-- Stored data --

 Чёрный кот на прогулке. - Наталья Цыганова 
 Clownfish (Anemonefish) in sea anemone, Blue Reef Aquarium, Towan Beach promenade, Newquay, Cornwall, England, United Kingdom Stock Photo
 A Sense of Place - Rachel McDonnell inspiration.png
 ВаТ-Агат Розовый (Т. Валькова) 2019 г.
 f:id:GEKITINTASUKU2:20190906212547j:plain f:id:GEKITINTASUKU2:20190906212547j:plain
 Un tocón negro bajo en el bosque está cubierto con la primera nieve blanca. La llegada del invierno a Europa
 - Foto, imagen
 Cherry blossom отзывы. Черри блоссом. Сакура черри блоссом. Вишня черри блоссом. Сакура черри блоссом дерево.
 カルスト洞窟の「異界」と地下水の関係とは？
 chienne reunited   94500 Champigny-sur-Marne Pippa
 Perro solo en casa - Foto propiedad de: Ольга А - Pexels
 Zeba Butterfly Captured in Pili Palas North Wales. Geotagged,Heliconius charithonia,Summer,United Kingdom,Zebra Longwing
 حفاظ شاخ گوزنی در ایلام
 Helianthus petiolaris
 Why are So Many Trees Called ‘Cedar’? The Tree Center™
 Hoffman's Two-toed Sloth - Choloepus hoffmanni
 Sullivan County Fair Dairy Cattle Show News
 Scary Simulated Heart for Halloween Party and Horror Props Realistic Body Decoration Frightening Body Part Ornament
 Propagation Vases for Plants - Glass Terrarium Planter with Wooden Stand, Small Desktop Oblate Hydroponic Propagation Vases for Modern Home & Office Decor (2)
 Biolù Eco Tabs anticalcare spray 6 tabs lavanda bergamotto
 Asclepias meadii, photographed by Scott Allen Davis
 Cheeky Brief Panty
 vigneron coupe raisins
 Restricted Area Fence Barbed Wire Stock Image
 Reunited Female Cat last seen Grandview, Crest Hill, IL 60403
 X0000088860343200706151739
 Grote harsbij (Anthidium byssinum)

-- WHAT THE TASK ASKS --
Take the records above and return, word for word, only the lines that fall from the line with "Cherry blossom отзывы." to the line with "Scary Simulated Heart", both of them included.

-- YOUR SOLUTION --
 Cherry blossom отзывы. Черри блоссом. Сакура черри блоссом. Вишня черри блоссом. Сакура черри блоссом дерево.
 カルスト洞窟の「異界」と地下水の関係とは？
 chienne reunited   94500 Champigny-sur-Marne Pippa
 Perro solo en casa - Foto propiedad de: Ольга А - Pexels
 Zeba Butterfly Captured in Pili Palas North Wales. Geotagged,Heliconius charithonia,Summer,United Kingdom,Zebra Longwing
 حفاظ شاخ گوزنی در ایلام
 Helianthus petiolaris
 Why are So Many Trees Called ‘Cedar’? The Tree Center™
 Hoffman's Two-toed Sloth - Choloepus hoffmanni
 Sullivan County Fair Dairy Cattle Show News
 Scary Simulated Heart for Halloween Party and Horror Props Realistic Body Decoration Frightening Body Part Ornament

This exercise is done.